Lastly, Brexit may ripple cross the Atlantic and come to roost here in America. A majority of economists have determined that the anticipated raising of rates by the Federal Reserve later this month will not take place, and may dampen those prospects for the remainder of the year. In addition, enjoying a very strong US Dollar is a double edged sword, which may hinder exports due to higher prices that accompany the stronger USD.
But the final word on the subject has been dealt with by the markets themselves. After the Friday and Monday “lemmings off a cliff” reaction by all global markets, reason appeared to infiltrate the hysteria, and the next several days of market performance recouped the majority of that knee jerk selling experienced in the first two trading days after the news hit. The bottom line – this will be a very long term event. Given that time period, there will be many solutions to the initially perceived problems. There will also be problems that occur that no one has even thought about. Once again, this type of news oriented market reaction proves to be just another test to the resolve of a disciplined client. We will continue to monitor world events and more importantly, we will look to manage those aspects of your portfolio that we can control.
Second Quarter 2016 Asset Class Returns
The second quarter was similar to the first, with positive but unspectacular returns from all domestic asset classes, and more spotty results from the International and Emerging Market regions. The tepid returns belied the Brexit tumult that took place the last week of the quarter, which was discussed earlier in this report. Real Estate securities continued their leadership position, both in this country and abroad. The potential for its continued growth and relative yield advantage is proving a popular combination with investors. Events which continue to push back the Federal Reserve’s plan to increase interest rates led to generous bond returns.
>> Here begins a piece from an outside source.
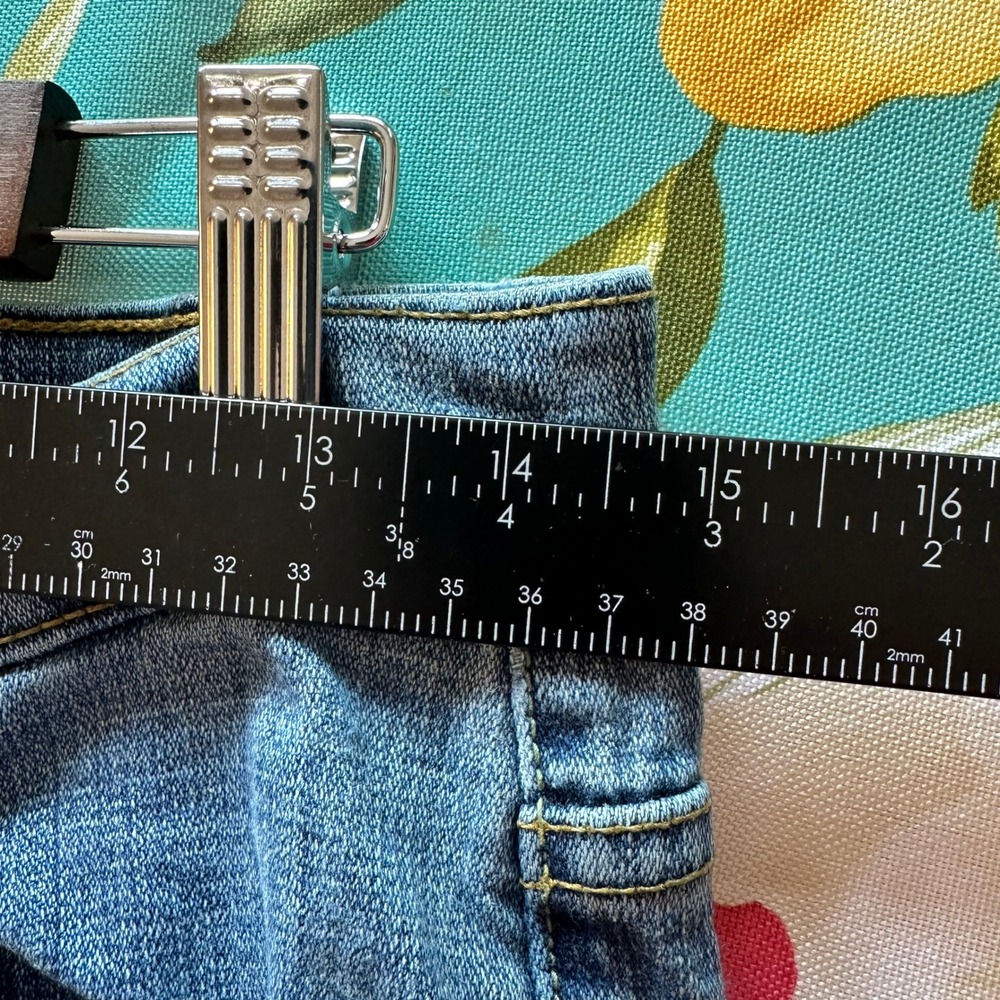 VTG Levi's 515 Bootcut Jeans Women's Size 6M Blue Medium Wash Denim - Picture 7 of 16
Walls of worry continue to exist. The anticipated slowdown in the European market, and potential attempts by other European counties to follow Brexit’s lead are big worries. The US Presidential election is yet another political issue that has the ability to affect both domestic and global markets. But there are also hopeful signs that economic growth is still available to well-run companies. Interest rates still allow for dramatic debt consolidation for both individuals and corporations. In addition, energy has bottomed and crude oil has almost doubled in price, insuring very favorable earnings comparisons for a sector that had been weighting down the entire market.
We will continue to manage your portfolio for a long term result, not allowing shorter term volatility to dissuade us from a disciplined approach to growing and conserving our clients’ capital. In the meanwhile, enjoy the summer months, and buckle up for some political campaigning that is sure to make the 3rd quarter a most interesting one.